BDO Corporate Tax News

Singapore - Claims on Intellectual Property Rights: Greater Certainty, Higher Expectations

Singapore
In a move to enhance certainty for businesses claiming writing-down allowances on intellectual property rights (IPRs), the Inland Revenue Authority of Singapore (IRAS) has issued important clarifications addressing practical challenges faced by taxpayers in determining qualifying expenditure for IPR claims, while significantly raising expectations around compliance, valuation discipline and documentation.

Key Clarifications
  • Determining value where market prices are unavailable: IRAS has provided clearer guidance for situations where the open market value of IPRs cannot be readily determined. In such cases, taxpayers and valuers are expected to apply robust valuation methodologies and consider relevant economic and commercial factors. This is particularly important for unique, specialised or internally developed IP where comparable market transactions may be limited or non-existent.
  • Allocation in business acquisitions: For acquisitions involving a business or bundled assets, IRAS now explicitly requires a rigorous allocation of the purchase consideration. Companies must segregate the value attributable to IPRs and distinguish between qualifying and non-qualifying IPRs. This ensures that only eligible assets benefit from Section 19B allowances and reduces the risk of over-allocation to qualifying IP.
  • Endorsement of international valuation standards: The updated guidance formally recognises internationally accepted valuation frameworks, such as the International Valuation Standards. This provides:
    • A clear benchmark for valuation methodologies
    • Greater alignment with global best practices
    • Improved defensibility of valuation reports during IRAS review
  • Exclusion of future development value: A significant clarification—with important structuring implications—is the requirement to exclude value attributable to future IPRs. Valuations must reflect only IPRs in existence at the acquisition date.
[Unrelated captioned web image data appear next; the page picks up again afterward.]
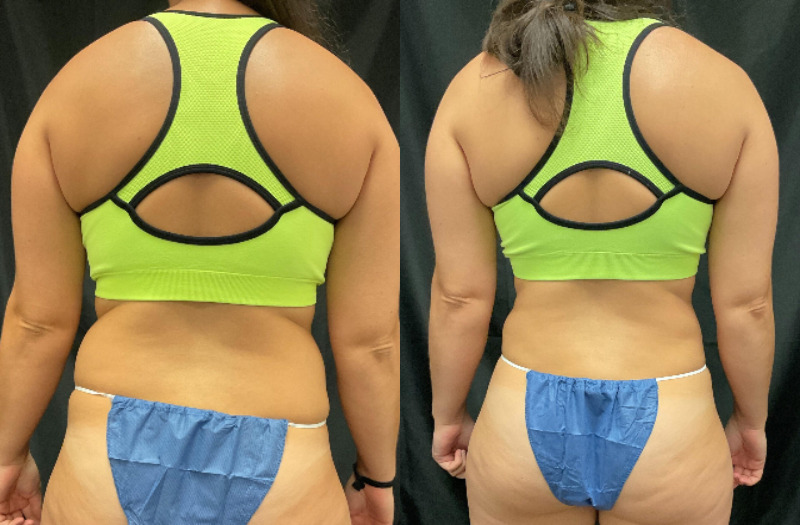 before and after liposuction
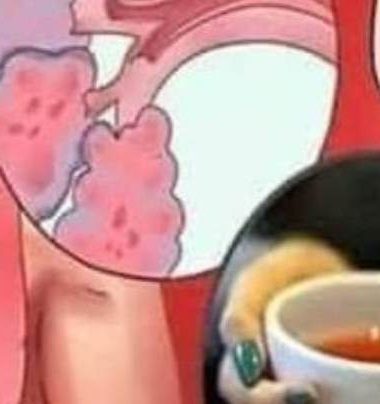 natural phlegm remover syrup relieve cough flu and sinusitis with this powerful home remedy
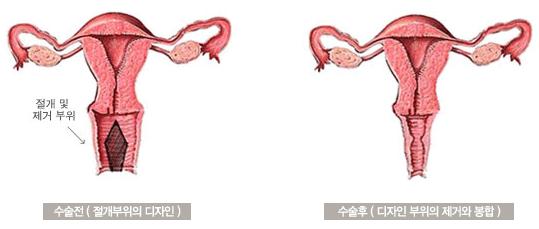 阴道整形手术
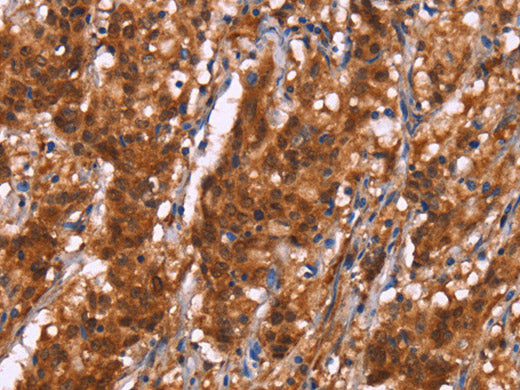BRK1 Polyclonal Antibody Store at -20°C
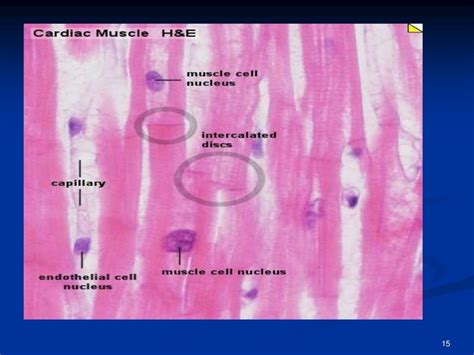 Histology of cardiac muscle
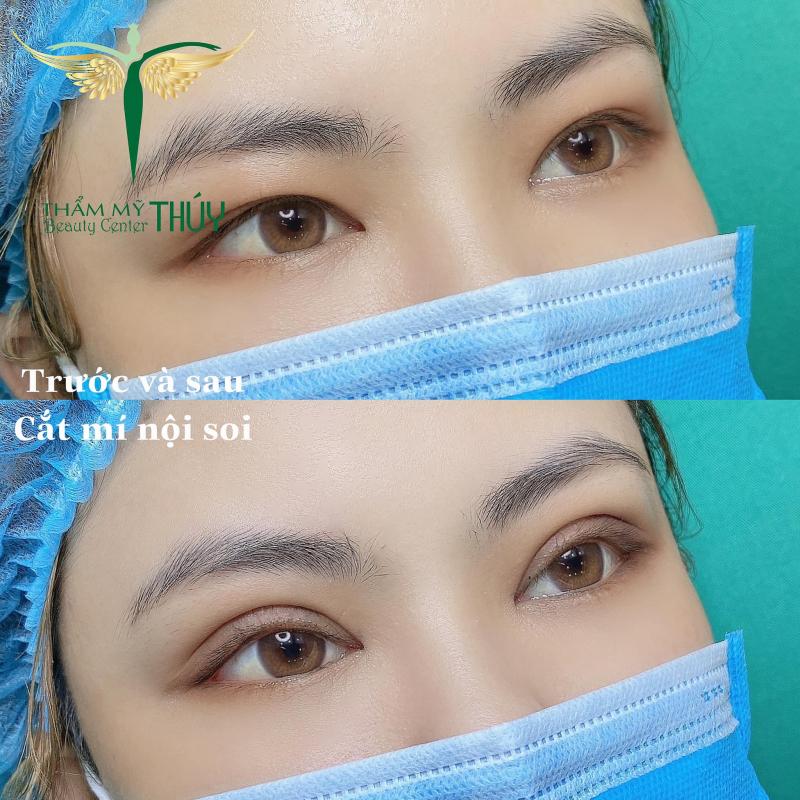 Thẩm Mỹ Thúy Beauty Center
As a result, companies cannot claim allowances on:
    • Future enhancements
    • IP development pipelines
    • Anticipated or contingent IP value

Practical Implications for Businesses
Businesses should take note of the following key considerations:
  • Valuation rigor: Reports must align with IRAS expectations and recognised standards
  • Defensible purchase price allocation: Particularly important in M&A transactions
  • Exclusion of forward-looking value: May affect deal pricing and tax modelling
  • Strong documentation: Essential to support claims during audits or reviews
Additionally, valuation reports are now mandatory for related-party transactions exceeding SGD 10 million and third-party transactions exceeding SGD 40 million.

BDO Takeaways
The updated guidance underscores IRAS’ continued focus on substance, valuation integrity and auditability in IP-related tax claims.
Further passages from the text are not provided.